Work instructions
Reprint all entries without any alteration.

———

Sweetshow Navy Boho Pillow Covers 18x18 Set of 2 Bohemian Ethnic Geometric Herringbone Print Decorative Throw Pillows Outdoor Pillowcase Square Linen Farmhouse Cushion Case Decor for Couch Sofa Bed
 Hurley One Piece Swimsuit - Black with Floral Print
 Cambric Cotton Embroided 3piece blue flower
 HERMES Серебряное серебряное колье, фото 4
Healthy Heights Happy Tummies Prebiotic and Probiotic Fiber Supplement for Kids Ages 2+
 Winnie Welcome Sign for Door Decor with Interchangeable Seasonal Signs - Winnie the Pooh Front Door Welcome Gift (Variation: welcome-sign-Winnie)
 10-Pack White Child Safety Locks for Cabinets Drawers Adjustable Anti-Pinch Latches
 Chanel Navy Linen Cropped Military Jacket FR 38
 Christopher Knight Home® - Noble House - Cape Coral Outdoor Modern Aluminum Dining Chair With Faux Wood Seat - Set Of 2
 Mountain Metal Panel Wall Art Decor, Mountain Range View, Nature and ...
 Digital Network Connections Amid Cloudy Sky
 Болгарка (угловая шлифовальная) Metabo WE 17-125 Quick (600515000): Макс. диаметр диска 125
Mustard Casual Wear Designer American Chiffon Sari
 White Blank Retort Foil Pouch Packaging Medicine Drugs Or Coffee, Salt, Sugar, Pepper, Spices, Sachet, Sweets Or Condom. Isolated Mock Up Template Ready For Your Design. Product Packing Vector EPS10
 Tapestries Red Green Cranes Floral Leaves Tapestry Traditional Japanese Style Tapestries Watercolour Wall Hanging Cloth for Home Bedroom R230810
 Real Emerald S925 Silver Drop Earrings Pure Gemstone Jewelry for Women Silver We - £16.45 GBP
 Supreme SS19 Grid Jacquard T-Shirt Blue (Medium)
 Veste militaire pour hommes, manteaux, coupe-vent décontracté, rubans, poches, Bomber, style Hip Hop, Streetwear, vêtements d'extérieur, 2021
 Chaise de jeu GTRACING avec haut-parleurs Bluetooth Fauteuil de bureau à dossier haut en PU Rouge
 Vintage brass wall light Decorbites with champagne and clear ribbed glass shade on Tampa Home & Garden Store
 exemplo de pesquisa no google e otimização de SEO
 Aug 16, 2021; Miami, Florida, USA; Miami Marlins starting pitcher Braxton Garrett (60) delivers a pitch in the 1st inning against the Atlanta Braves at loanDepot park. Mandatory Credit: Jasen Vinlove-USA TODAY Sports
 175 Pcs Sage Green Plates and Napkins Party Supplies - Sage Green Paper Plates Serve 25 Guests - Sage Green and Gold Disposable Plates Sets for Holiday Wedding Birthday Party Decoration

———

Result of this task
Sweetshow Navy Boho Pillow Covers 18x18 Set of 2 Bohemian Ethnic Geometric Herringbone Print Decorative Throw Pillows Outdoor Pillowcase Square Linen Farmhouse Cushion Case Decor for Couch Sofa Bed
 Hurley One Piece Swimsuit - Black with Floral Print
 Cambric Cotton Embroided 3piece blue flower
 HERMES Серебряное серебряное колье, фото 4
Healthy Heights Happy Tummies Prebiotic and Probiotic Fiber Supplement for Kids Ages 2+
 Winnie Welcome Sign for Door Decor with Interchangeable Seasonal Signs - Winnie the Pooh Front Door Welcome Gift (Variation: welcome-sign-Winnie)
 10-Pack White Child Safety Locks for Cabinets Drawers Adjustable Anti-Pinch Latches
 Chanel Navy Linen Cropped Military Jacket FR 38
 Christopher Knight Home® - Noble House - Cape Coral Outdoor Modern Aluminum Dining Chair With Faux Wood Seat - Set Of 2
 Mountain Metal Panel Wall Art Decor, Mountain Range View, Nature and ...
 Digital Network Connections Amid Cloudy Sky
 Болгарка (угловая шлифовальная) Metabo WE 17-125 Quick (600515000): Макс. диаметр диска 125
Mustard Casual Wear Designer American Chiffon Sari
 White Blank Retort Foil Pouch Packaging Medicine Drugs Or Coffee, Salt, Sugar, Pepper, Spices, Sachet, Sweets Or Condom. Isolated Mock Up Template Ready For Your Design. Product Packing Vector EPS10
 Tapestries Red Green Cranes Floral Leaves Tapestry Traditional Japanese Style Tapestries Watercolour Wall Hanging Cloth for Home Bedroom R230810
 Real Emerald S925 Silver Drop Earrings Pure Gemstone Jewelry for Women Silver We - £16.45 GBP
 Supreme SS19 Grid Jacquard T-Shirt Blue (Medium)
 Veste militaire pour hommes, manteaux, coupe-vent décontracté, rubans, poches, Bomber, style Hip Hop, Streetwear, vêtements d'extérieur, 2021
 Chaise de jeu GTRACING avec haut-parleurs Bluetooth Fauteuil de bureau à dossier haut en PU Rouge
 Vintage brass wall light Decorbites with champagne and clear ribbed glass shade on Tampa Home & Garden Store
 exemplo de pesquisa no google e otimização de SEO
 Aug 16, 2021; Miami, Florida, USA; Miami Marlins starting pitcher Braxton Garrett (60) delivers a pitch in the 1st inning against the Atlanta Braves at loanDepot park. Mandatory Credit: Jasen Vinlove-USA TODAY Sports
 175 Pcs Sage Green Plates and Napkins Party Supplies - Sage Green Paper Plates Serve 25 Guests - Sage Green and Gold Disposable Plates Sets for Holiday Wedding Birthday Party Decoration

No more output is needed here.